The Rockland County Sanitary Code contains, in Article XVI, provisions mandating that, on or before April 1, 1980, all community water systems "add or remove, in a manner approved by the New York State Commissioner of Health, a measured amount of fluoride ion so as to maintain the fluoride ion content" at specified levels (Article XVI, section II).

Inconsistencies between the proposed local law, on the one hand, and the provisions of the State and Rockland County Sanitary Code, on the other, are immediately apparent. For example, the former would forbid the addition of fluoride ion — a "foreign substance" which, I am informed by the Rockland County Health District, was not introduced into the public water supply prior to January 1, 1980 — while the latter would mandate its addition. Other possible areas of inconsistency appear from the fact that the State Sanitary Code expressly sanctions contaminants not to exceed prescribed levels.

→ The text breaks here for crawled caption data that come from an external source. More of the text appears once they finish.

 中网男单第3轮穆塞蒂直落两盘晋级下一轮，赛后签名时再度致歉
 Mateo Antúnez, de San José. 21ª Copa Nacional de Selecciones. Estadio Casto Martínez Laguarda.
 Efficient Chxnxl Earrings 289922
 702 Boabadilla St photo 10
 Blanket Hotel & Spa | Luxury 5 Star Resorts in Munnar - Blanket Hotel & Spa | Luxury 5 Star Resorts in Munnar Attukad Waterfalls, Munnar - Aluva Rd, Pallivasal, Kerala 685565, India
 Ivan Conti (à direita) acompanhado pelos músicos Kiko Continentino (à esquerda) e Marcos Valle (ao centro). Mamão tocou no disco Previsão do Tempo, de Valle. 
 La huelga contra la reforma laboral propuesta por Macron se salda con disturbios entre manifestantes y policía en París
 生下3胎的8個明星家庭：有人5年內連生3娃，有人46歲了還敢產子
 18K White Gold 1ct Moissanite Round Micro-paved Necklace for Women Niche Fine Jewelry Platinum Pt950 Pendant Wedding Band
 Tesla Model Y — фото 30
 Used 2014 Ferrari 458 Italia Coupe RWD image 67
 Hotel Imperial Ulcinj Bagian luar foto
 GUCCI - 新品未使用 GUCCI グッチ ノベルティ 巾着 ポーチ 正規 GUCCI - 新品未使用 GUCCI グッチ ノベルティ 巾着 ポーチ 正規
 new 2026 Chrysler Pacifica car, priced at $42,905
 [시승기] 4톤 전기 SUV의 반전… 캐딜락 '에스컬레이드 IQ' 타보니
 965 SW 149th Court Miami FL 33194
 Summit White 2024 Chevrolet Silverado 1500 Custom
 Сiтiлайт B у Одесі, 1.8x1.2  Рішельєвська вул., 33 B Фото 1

Thus, the proposed local law, being inconsistent with a general law of the State, would exceed the power to adopt local laws conferred upon the County by Public Health Law, § 347 (c). Accordingly, the proposed law is beyond the powers of the Rockland County Legislature to enact and would be invalid (Wholesale Laundry Bd. v City of New York,17 A.D.2d 327 [1st Dept, 1962], affd 12 N.Y.2d 998 [1963]). As stated inCity of Utica v Mercon, Inc., 71 Misc.2d 680, 681 (Sup Ct, Oneida County, 1972):

"First, it is a basic principal that the State is sovereign; that, while local governments are granted some rights of home rule (N.Y. Const., art. IX), these are dependent on their not being inconsistent with any general law of the State (Municipal Home Rule Law, § 10, subd. 1). A general statute dealing with State functions, applicable State-wide, cannot be changed by a city's enactment of a local law * * *."